= Global War (board game) =

Grand strategic and economic board wargame

Global War, subtitled "The War Against Germany and Japan, 1939–45", is a grand strategic and economic board wargame published by Simulations Publications Inc. (SPI) in 1975 that simulates the entire extent of World War II.

==Description==
Global War is a two-player "monster" game (more than 1,000 counters) in which one player controls the Allies and the other player controls Axis forces. Players each decide what war equipment they will manufacture, and this choice then informs what strategic actions the player is able to take. For example, concentrating on submarine production will mean fewer tanks will be available for land combat.

===Components===
The game includes:
- two 21" x 22" paper hex grid maps which together display the entire world, scaled at 300 mi (480 km) per hex
- 1200 die-cut counters
- rules booklet
- player charts and aids
- small six-sided die

===Gameplay===
Rather than the traditional alternating "I Go, You Go" system of movement and combat, Global War uses a complex and integrated system of Stages in which both players have various opportunities to act. This includes a Naval Stage, an Air Stage, a Land Stage, and a Production Stage. Each Stage is further broken into several Phases. For example, the Naval Stage has the following Phases:
- First Axis Movement and Combat Phase;
- First Allied Movement and Combat Phase;
- Second Axis Movement and Combat Phase;
- Second Allied Movement and Combat Phase;
- Third Axis Movement and Combat Phase;
- Third Allied Movement Phase.
Completing the four Stages completes one game turn, which represents 3 months (1 season) of game time.

===Scenarios===
The game comes with two scenarios:
- "Standard Scenario": The entire war, beginning in Fall 1939 (Turn 1), and ending in Spring 1945 (Turn 23)
- "High Water Mark Scenario": A shorter scenario, as the game begins with the Axis at its greatest geographical extent in Summer 1942 (Turn 12)

==Publication history==
Global War was designed by Jim Dunnigan, with graphic design by Redmond A. Simonsen, and was published by SPI in 1975 in a "flatpack" box.
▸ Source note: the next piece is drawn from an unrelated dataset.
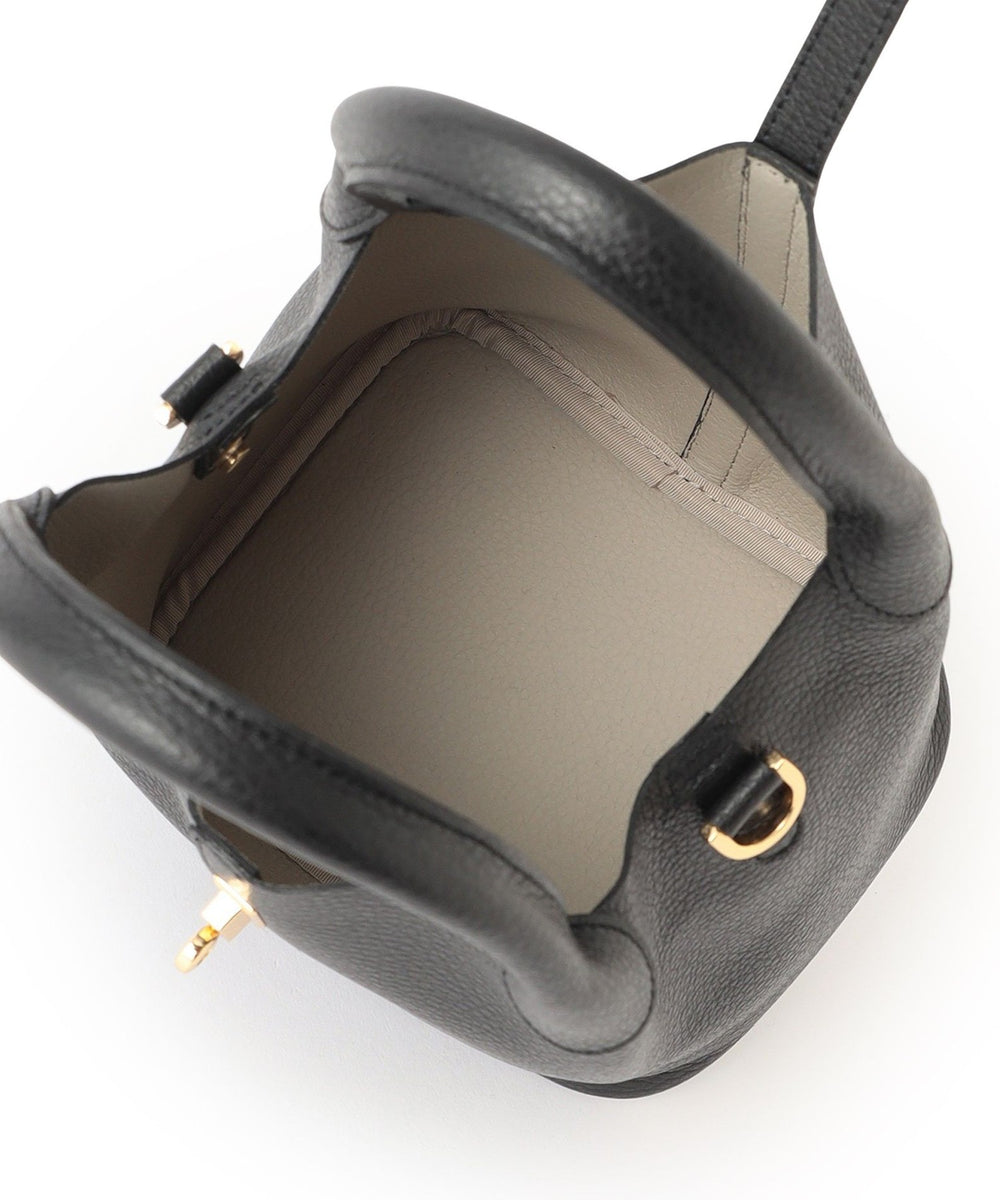 VIOLAd'ORO】TREROバケツバッグ《WEB＆EPOCA THE SHOP店舗限定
The game appeared at No. 2 on SPI's Top Ten Games list the month it was published, and stayed in the Top Ten for six months.

==Reception==
In the 1977 book The Comprehensive Guide to Board Wargaming, Nicholas Palmer commented that the game was "One of the giant-sized species beloved of the hard-core." Although Palmer admired the innovative and "ingenious production system," he called the game "A tremendous challenge to both sides." He questioned game balance, noting that "Defence is thought rather overfavoured by some players, making a German invasion of the Soviet Union or an Allied liberation of France an imposing task against good play." He concluded with a warning that the game was "Highly complex."

In Issue 30 of Moves, Michael Simonds commented that "Global War is today the only grand strategic simulation of all of World War II. In most cases it succeeds admirably in reflecting the strategic choices facing the national leaders in that conflict." But Simonds felt the game fails to properly simulate the conduct of Vichy France, and wrote an extensive review of rules that could be changed to better reflect this."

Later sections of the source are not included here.